Il vociare sommesso e indistinto che ci accompagna per tutta la durata della visita ci dà immediatamente la certezza di essere entrati nel suo regno. Solo avanzando verso il cuore dell’esposizione ci si accorge che questo parlottare continuo proviene dalle postazioni sonore quasi mimetizzate sulla lunga ed esile installazione verde che occupa il cuore della sala.

In questa sorta di ‘foresta dei sussurri’, la cui struttura stessa rende conto dell’inconsistenza, della fragilità e del complicato intreccio che accompagnano la nascita e la propagazione delle dicerie, sono sistemate 12 stazioni tematiche che, attraverso esempi concreti, cercano di far luce sulla natura e le caratteristiche di questo fenomeno.

Una vasta gamma di esempi

Qui scopriamo come i fattori che determinano l’origine di una diceria possano essere molteplici. Si può dar vita ad un pettegolezzo sconveniente al fine di colpire qualcuno o qualcosa, si può mettere in giro una diceria per accrescere la propria popolarità o il proprio potere e può anche accadere che le voci nascano spontaneamente, a causa di una errata interpretazione di un messaggio. Ma quasi sempre le dicerie prosperano in situazioni in cui esiste un deficit di informazione.
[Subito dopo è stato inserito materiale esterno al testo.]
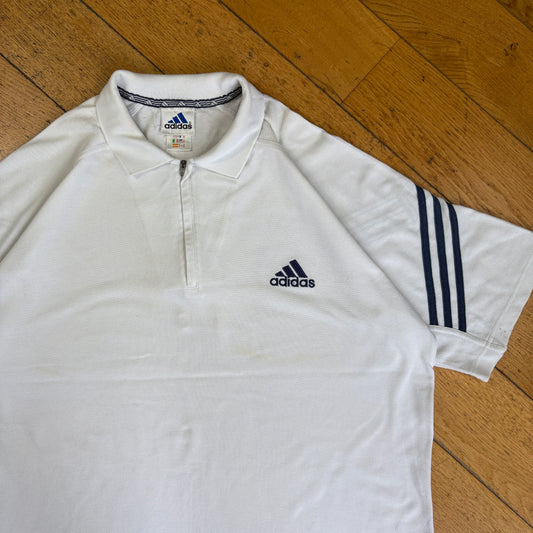 Vintage 90s Adidas White Embroidered Polo Shirt - XL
Nella sezione “Politica e Intrighi” – che prende ad esempio l’elezione del consiglio federale del dicembre 2007 – si mette in evidenza come le dicerie siano spesso introdotte di proposito e strumentalizzate. Mentre in quella intitolata “Pregiudizi” – nella quale si analizzano i preconcetti contro gli stranieri in Svizzera – si sottolinea come le chiacchiere giochino un ruolo essenziale per l’esistenza e la riconferma stessa del pregiudizio.

In alcuni casi, come per le “Teorie della cospirazione”, le dicerie assumono addirittura il ruolo di prove. Gli esempi che illustrano questa tipologia prendono in esame le varie teorie che circolano attorno all’attentato dell’11 settembre 2001 al World Trade Center.

Imparare giocando

Particolarmente riuscita e divertente è la stazione chiamata “Centrale della diceria” dove in un teatrino in stile futurista costruito secondo il principio del teatro ottico, il pubblico incontra gli agenti al servizio di Fama, delle specie di gnomi che offrono consigli e assistenza e, prendendo spunto dagli stimoli dati dai visitatori, alimentano in tempo reale il sistema della chiacchiera.
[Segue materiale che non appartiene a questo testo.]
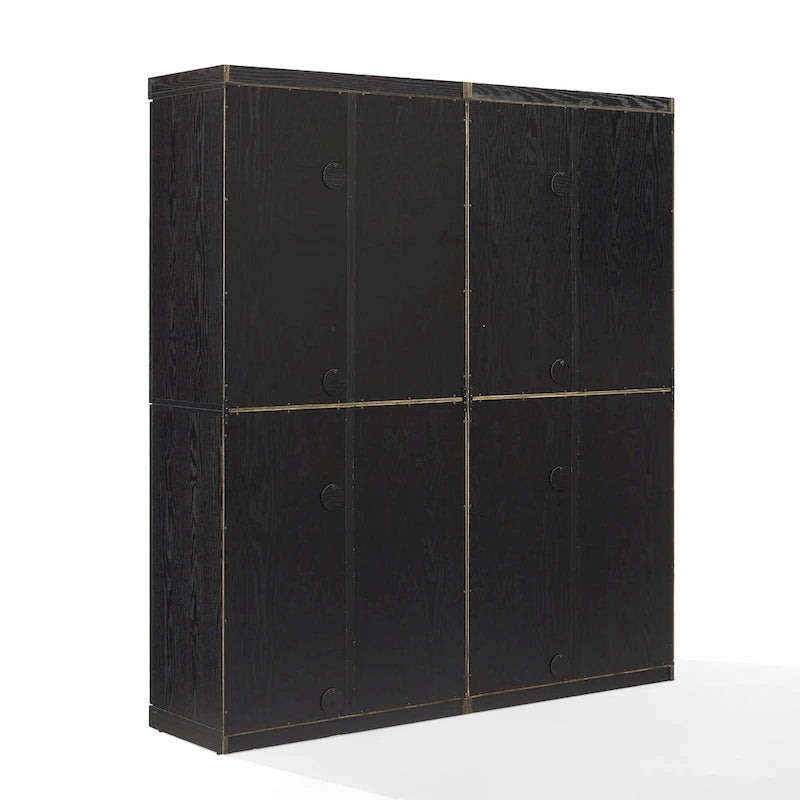 Ensemble de 2 armoires de rangement de cuisine avec portes vitrées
Animata da uno spirito altrettanto ludico è anche l’ultima stazione della mostra “Rumor Fighter”, una postazione al PC che propone al pubblico un confronto diretto con le strategie più efficaci contro la produzione della diceria. Qui, l’invito esplicito è quello di testare quanto si è sufficientemente armati contro le chiacchiere, ma nessuno impedisce di usare il gioco al contrario, per imparare a diffonderle meglio. Salvo che il diploma che alla fine piove dal cielo porterà stampato il titolo di ‘Baby Rumor Fighter’.

Paola Beltrame, Berna, swissinfo.ch

La mostra “Diceria”, in corso al Museo della Comunicazione di Berna fino al 4 luglio 2010, invita il pubblico a confrontarsi con la natura ambigua di questo medium e a riflettere sulle sue implicazioni sociali e culturali.
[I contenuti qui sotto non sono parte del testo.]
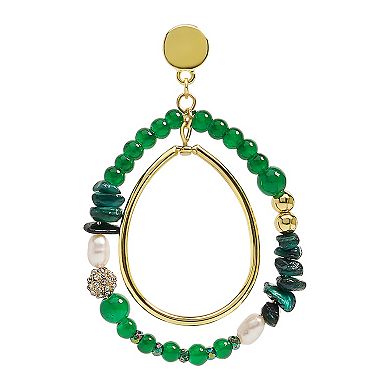 Emberly Gold Tone Green Bead & Simulated Pearl Ball Earrings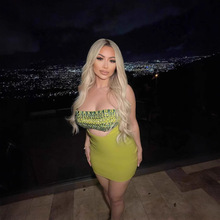 现货外贸跨境欧美高档精品女装连衣裙性感黑色斜肩辣妹修身绷带裙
Il progetto è stato concepito sulla base degli studi scientifici realizzati dall’Università di San Gallo e in seguito alla partecipazione a diversi workshop. La stazione “Rumor Fighter” è stata realizzata in collaborazione con la Scuola Superiore d’Arte di Berna che, nel corso del progetto di ricerca “Gerüchte-küche”, ha studiato le strategie comunicative sottostanti alle dicerie.

Del progetto scenografico è stata incaricata, come di consueto, una ditta esterna. Per la prima volta il compito è stato affidato allo studio Holzer Kobler Architekturen di Zurigo, la cui esperienza nel settore è comprovata dai numerosi allestimenti di successo realizzati in Svizzera e anche all’estero.

Le esposizioni realizzate dallo studio zurighese si contraddistinguono sempre per la grande capacità di saper integrare e fondere in modo magistrale il concetto espositivo negli elementi scenografici.

Anche per un tema così sfuggente e indefinito come quello della diceria Barbara Holzer e Tristan Kobler sono riusciti ad assemblare oggetti, forme e colori in modo da creare un ‘contenitore significante’ capace di afferrare il concetto centrale della mostra e renderlo esperibile al pubblico attraverso una narrazione formale.